The fishing day usually begins very early with a predawn breakfast around 6:00 am. The comfortable lodge sits within a few feet of the ocean and offers charming views of the surrounding village. Here local fishermen busily come and go, harvesting the sea as they have for generations. The town is colorful with the homes reflecting the traditional bright Mexican hues. Fishmongers offer up the daily catch of tuna, Dorado, snapper or octopus. Using this daily bounty, the lodge features some of the best fresh seafood around. In this small village, tradition dictates that guests be attended to completely and we can guarantee that you will not go home any thinner than when you arrived!
Fishing in the biosphere can be close by and at times, no lengthy boat rides are necessary. You probably will not see another boat unless it's in your party. Small creeks and inside bays are usually your angling targets. Poling quietly among the mangroves, it is not uncommon to round a corner and see a gang of silver backs aggressively rolling as they chase bait. This can be sight fishing at its best, but please remember, as with all saltwater fishing, the longer and more accurate the cast, the greater the odds are of success. It should also be remembered that these powerful "babies" are just as feisty as their bigger brothers and nearly as hard to hook, so don't leave your strip-strike at home! Our advice is to bring sharp hooks and an aggressive attitude if you want to boat one of these "infants". The tarpon's instincts demand it to jump and while this reaction is merely a survival adaptation for the fish, it offers a phenomenal show for the angler. In the tarpon game, it's common to land only about twenty percent of fish hooked. But when 20 lbs. of silver dances upside down five feet in the air with gill plates rattling before throwing your fly, it's hard to be too disappointed that the little beast came unbuttoned... and there's always that next fish!

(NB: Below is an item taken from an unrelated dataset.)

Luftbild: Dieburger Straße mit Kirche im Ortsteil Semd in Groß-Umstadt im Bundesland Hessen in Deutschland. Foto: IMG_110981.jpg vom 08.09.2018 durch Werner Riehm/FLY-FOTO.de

While the tarpon grow to be about 35 pounds before they depart to join their ancient migration route, the snook contently prowl the shoreline and feel no reason to leave this estuary. There is a lot of bait here and the snook grow to be fat and happy. Ambush feeders, they are best found on lower tides, sitting in hidden holes and fishy pockets. Quiet approaches and long casts are the best way to hook this legendary species.
If you are looking to do battle with the big tarpon, this is not your destination (the fish leave once they pass about 35 lbs.). But if classic tarpon takes, amazing acrobatics and a down 'n dirty 8 wt. "street fight" sound appealing, this is for you. With excellent guides and a dedicated "catch and release" philosophy, this operation has the right attitude to keep a confirmed tarpon junky coming back year after year.